I note now that the new shadow minister for veterans’ affairs has moved a pious amendment condemning:
… the government’s stubborn determination to insist that from 1 January 2009 partners who are separated but not divorced from their veteran spouse and who have not reached the age for the age pension, will have their partner service pension eligibility cease 12 months after being separated or immediately if the veteran enters a marriage-like relationship …
I do hope that we move a stronger amendment along the way, because this is taking away veterans entitlements.
When I speak about the duty and the obligation that we have to those who have served our nation, one group of veterans whom we treated abominably were Vietnam veterans—veterans who found that their wives at home would not be served in shops, who found that their children would be bullied in the playground because their father was serving in Vietnam, who came home but would never put on their resume that they had served. I remember the incident when a young soldier was reported as having been killed and one of the anti-war protesters rang the family and said he got what he deserved and threw red paint over the house. The stories are horrendous. When you talk to the vets, you know how bad it was. New Zealand has apologised to their Vietnam vets, and I believe we should apologise to our vets here in Australia.
In order for that apology to be meaningful we have to bring out into the light of day how bad it was, how Dr Jim Forbes, who went on to be a Treasurer of this nation under Gough Whitlam, used to rile up the demonstrators to attack our serving personnel. How disgraceful is that? I believe it would not happen in this day and age. The Labor Party wanted to take away their medals. It was just the most appalling set of circumstances, which have to be outed in order that an apology would mean something.

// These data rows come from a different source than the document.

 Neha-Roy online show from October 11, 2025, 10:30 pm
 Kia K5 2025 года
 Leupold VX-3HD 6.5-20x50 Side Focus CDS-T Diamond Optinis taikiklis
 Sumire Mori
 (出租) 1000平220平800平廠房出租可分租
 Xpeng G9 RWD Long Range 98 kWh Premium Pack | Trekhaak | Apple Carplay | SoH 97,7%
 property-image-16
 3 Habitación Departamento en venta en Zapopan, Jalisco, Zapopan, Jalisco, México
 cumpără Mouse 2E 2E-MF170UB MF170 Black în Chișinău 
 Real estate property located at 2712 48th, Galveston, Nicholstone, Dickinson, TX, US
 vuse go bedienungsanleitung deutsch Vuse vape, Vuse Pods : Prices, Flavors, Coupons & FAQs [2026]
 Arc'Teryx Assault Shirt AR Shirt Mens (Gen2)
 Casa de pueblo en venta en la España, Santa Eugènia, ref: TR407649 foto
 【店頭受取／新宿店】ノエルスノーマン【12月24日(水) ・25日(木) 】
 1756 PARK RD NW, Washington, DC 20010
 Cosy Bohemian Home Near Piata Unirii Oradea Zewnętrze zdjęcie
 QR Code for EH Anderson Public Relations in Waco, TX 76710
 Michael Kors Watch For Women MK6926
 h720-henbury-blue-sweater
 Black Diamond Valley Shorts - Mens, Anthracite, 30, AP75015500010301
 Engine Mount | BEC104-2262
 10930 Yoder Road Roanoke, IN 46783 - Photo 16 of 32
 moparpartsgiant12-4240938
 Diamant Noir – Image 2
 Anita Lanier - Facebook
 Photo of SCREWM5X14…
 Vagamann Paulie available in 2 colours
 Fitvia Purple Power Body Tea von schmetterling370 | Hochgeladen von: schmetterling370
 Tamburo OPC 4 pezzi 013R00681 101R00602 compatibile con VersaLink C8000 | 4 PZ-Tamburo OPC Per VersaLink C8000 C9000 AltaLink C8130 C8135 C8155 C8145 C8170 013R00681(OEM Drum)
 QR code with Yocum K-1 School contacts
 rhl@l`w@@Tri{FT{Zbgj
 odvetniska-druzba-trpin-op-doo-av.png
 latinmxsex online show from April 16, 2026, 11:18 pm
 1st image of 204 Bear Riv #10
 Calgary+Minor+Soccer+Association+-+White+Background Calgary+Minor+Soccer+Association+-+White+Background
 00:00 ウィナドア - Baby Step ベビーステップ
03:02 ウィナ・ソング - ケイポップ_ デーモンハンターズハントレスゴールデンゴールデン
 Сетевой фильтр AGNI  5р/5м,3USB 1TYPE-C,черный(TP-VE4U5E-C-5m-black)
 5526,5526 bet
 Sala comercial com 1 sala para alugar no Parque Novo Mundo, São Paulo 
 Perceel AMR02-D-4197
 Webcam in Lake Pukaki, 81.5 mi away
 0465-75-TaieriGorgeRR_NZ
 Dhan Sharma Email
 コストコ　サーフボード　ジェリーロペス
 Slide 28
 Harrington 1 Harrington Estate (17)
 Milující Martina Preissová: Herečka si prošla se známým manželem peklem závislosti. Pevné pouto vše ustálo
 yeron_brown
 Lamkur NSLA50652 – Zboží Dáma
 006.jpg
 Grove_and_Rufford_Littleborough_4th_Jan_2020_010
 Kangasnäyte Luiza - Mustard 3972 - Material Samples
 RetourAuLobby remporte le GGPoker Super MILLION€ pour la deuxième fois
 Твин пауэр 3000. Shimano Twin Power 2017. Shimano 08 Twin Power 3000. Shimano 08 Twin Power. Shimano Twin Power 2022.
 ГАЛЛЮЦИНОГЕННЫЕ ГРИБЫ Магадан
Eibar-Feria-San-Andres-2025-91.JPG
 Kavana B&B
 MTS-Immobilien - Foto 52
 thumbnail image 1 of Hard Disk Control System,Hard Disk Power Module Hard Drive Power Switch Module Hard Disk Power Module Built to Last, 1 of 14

These people suffer today. These are the people, Vietnam vets, who will be immediately impacted by these changes that this government is making—this government, which promised veterans it would not take away entitlements and that veterans would not be worse off. These are the people who will be affected—as are the veterans who are now serving in Afghanistan and Iraq, the younger veterans. These are the people that these provisions will impact upon. It is a mean-spirited government that would attack veterans in this way and take away their entitlements. As I said, I do believe particularly that we owe our Vietnam veterans.
Thank you for that note, Member for Aston. One of my colleagues has said that I said ‘Jim Forbes’, who was a very honourable minister in the coalition. I do apologise for making that error. Of course, it was Jim Cairns I was speaking of.
As I conclude my remarks on this bill, it is with great pleasure that I see the report on overseas adoptions accepted and legislated for. But it is with a great sense of sadness that I see entitlements for our veterans being taken away and see that, for those who will get some sort of benefit, they will now simply be social welfare beneficiaries.